The Ledger of Lakeland on a judge’s ruling on voting laws:

We applaud Gov. Rick Scott for abiding by a judge’s ruling and for expressing a willingness to work with lawmakers to create a more flexible registration deadline during declared states of emergency.

As the 2016 election chugs toward the finish line, U.S. District Judge Mark Walker in Tallahassee has boldly inserted himself into Florida’s election process.

The judge, appointed to the bench by President Barack Obama, has of late shot down two aspects of the state’s voting laws by upholding complaints raised by the Florida Democratic Party.

If Republican Donald Trump’s recent struggles continue to cause his campaign to falter, the election may wind up a rout for Democrat Hillary Clinton, which would make Walker’s decisions anti-climactic.

Yet if Trump is running stronger than pollsters believe - a Quinnipiac University poll released Monday showed Trump trailing Clinton by just four percentage points - or if Clinton stumbles badly in the waning days, Walker’s findings could have significant influence on the outcome, for which Clinton’s campaign could give thanks if she manages to take Florida.

Walker’s first decision was to heed the Democratic Party’s request to extend the voter registration deadline until 5 p.m. today.
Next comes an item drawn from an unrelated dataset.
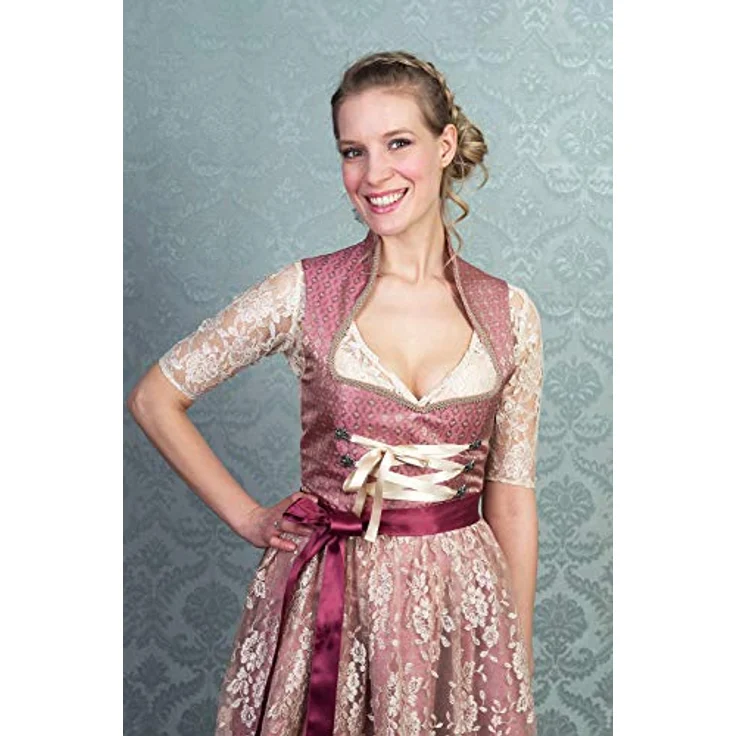 Edelnice Dirndl Diana, Prinzessinnen Dirndl in gold und rosa – Bild 5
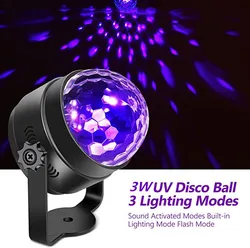Mini lampe boule magique UV 3W, lumière de scène avec télécommande, effet de fête Disco, stroboscope activé par le son, lampe de Bar de noël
Originally, that was set for Oct. 11 because, under Florida law, voters must register to vote at least 29 days before an election.

The Democratic Party maintained that when Gov. Rick Scott declared a state of emergency as Hurricane Matthew bore down on Florida, with numerous government offices closing and with an estimated 1.5 million people along the Atlantic Coast encouraged to seek shelter inland, many who fled were denied an opportunity to register to vote.
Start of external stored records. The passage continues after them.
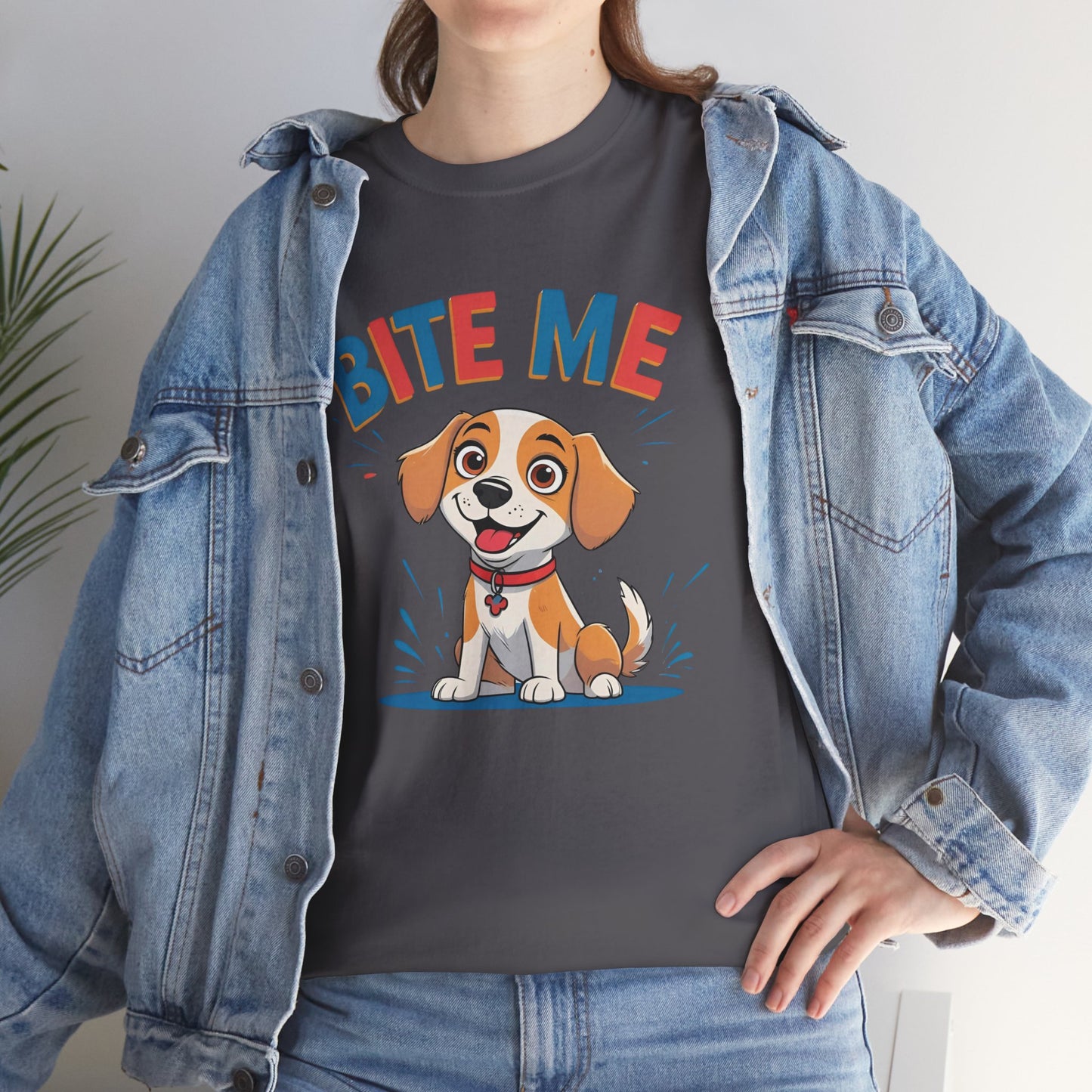 Playful Dog Lover Tee, Bite Me Unisex Cotton T-Shirt for Dog Trainers, Funny Gift for Dog Lovers, Cute Dog Apparel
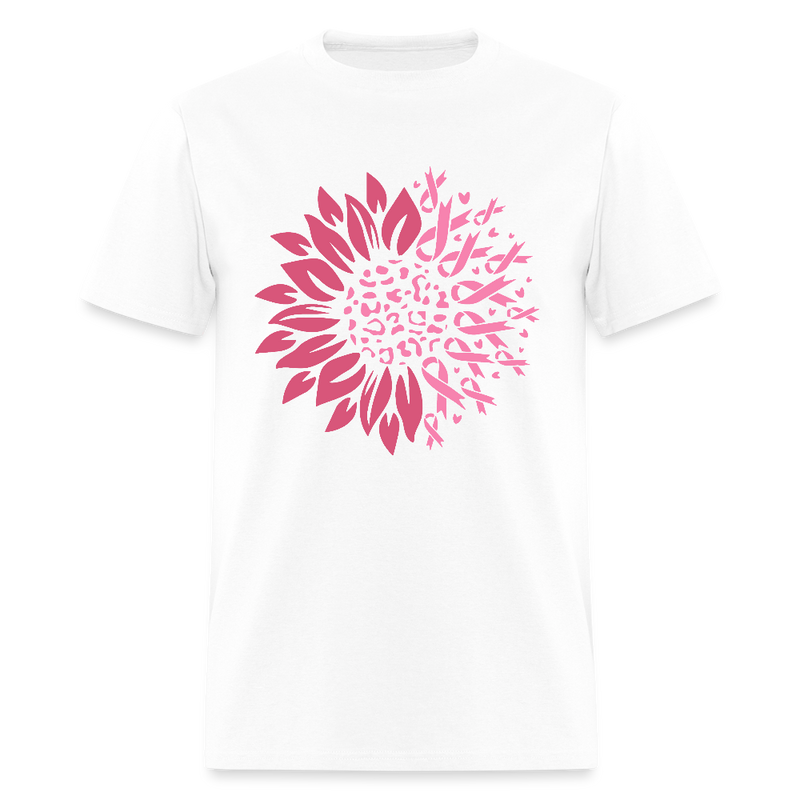 Sunflower Ribbon Breast Cancer Awareness Month T Shirt - white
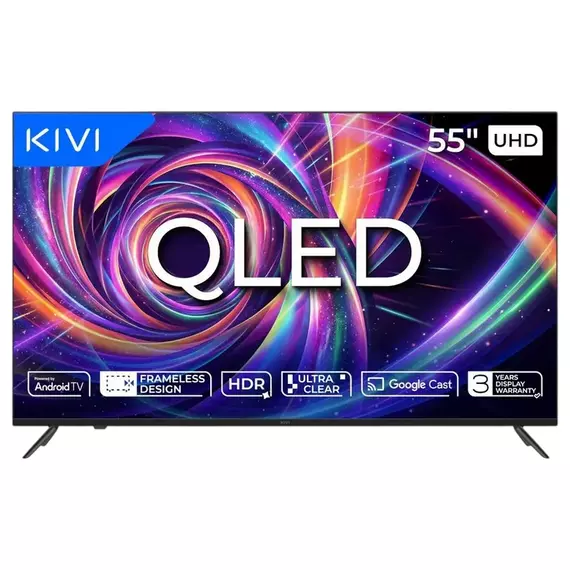 55" LED SMART TV KIVI 55U7000MB, QLED, 4K UHD, Android TV, Black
Scott, who strongly supports Trump, initially said he would not extend the deadline because he thought people already had sufficient time to register. The governor’s office also said he could not make that decision unilaterally.

Walker agreed that Scott was likely not the correct person to be sued, but disputed that his administration could not extend the deadline. Walker indicated failure to do so was unconstitutional, even though state law says nothing one way or the other.

Despite that, we concur with the judge’s decision. Because of Trump, whether you are for or against him, and Sen. Bernie Sanders, runner-up to Clinton in the Democratic primary, interest and passions are running high. People should have as much time as possible to have a say in the outcome.

Yet we also applaud Gov. Scott for abiding by the ruling and for expressing a willingness to work with lawmakers to create a more flexible registration deadline for such circumstances in the future. Allowing extra time during a declared state of emergency is fitting.

Judge Walker’s second ruling, delivered Sunday, ordered election officials to allow voters who submit mail-in ballots but whose signatures do not match the one on file with county elections supervisors to fix the situation before Election Day.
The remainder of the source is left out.